Drip tape should apply water uniformly throughout the root zone. The emitters should be close enough so that there is uniform wetting of the soil. As discussed above, the spacing of the emitters is affected by soil type. Drip tape should have a coefficient of manufacturing variation (CV) number which reveals how much variation in uniformity there is from one emitter to the next. A CV of 0.05 is considered excellent and a CV between 0.05 and 0.1 is acceptable. The rate of water delivery is a function of the size and spacing of the emitters and typically ranges from about 2.5 to 5.0 gallons per minute per 1,000 feet of tape.

The length of the drip lines is another important consideration. The length is determined by the pump size, the size of the irrigated area, and the slope of the land. Any one of these factors will influence wetting uniformity because the emitters will discharge water at different rates if there are changes in pressure along the line. Because of variation in water pressure, tape is rarely laid out longer than a length of 400 feet on fairly level land and less on slopes. Tape should run across the slope, but if this is not practical, it should run down hill so the pressure loss due to friction is counteracted by the gain as the elevation decreases. If the tape runs up hill, there is a double loss due to friction and increasing elevation.

The choice of tape thickness, measured in mils, is based on how long you want the tape to last and the expected highest water pressure in the lines. The longer the tape is expected to be in the ground, or the higher the pressure in the lines, the thicker the tape should be. Tape thickness is usually between 4 and 10 mil though thickness of up to 25 mil can be purchased. Tape can be reused for 2 to 3 years, but the labor costs of retrieving and cleaning the tape can make this uneconomical.

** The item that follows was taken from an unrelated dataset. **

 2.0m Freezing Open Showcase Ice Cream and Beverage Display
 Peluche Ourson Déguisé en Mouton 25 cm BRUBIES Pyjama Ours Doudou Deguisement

Placement of drip tape - There are three decisions to be made regarding placement of the drip tape:

  1. the distance from the plant in the row,
  2. whether to bury the tape or place it on the soil surface, and
  3. the depth to bury the drip tape.

Whether the tape is laid on the surface or buried beneath the soil, there are a few general guidelines to follow. The tape should be placed as close to the plant as is practical for the specific crop. Twelve inches is the maximum distance away from the plant base - most tape is placed between 6 and 12 inches away. A little farther away is possible in soils that have good lateral movement or when other means of irrigation is used to germinate seed or establish seedlings. The tape should be placed so that the emitters are pointed upward so that soil, silt and clay will settle away from the emitters after the water stops flowing.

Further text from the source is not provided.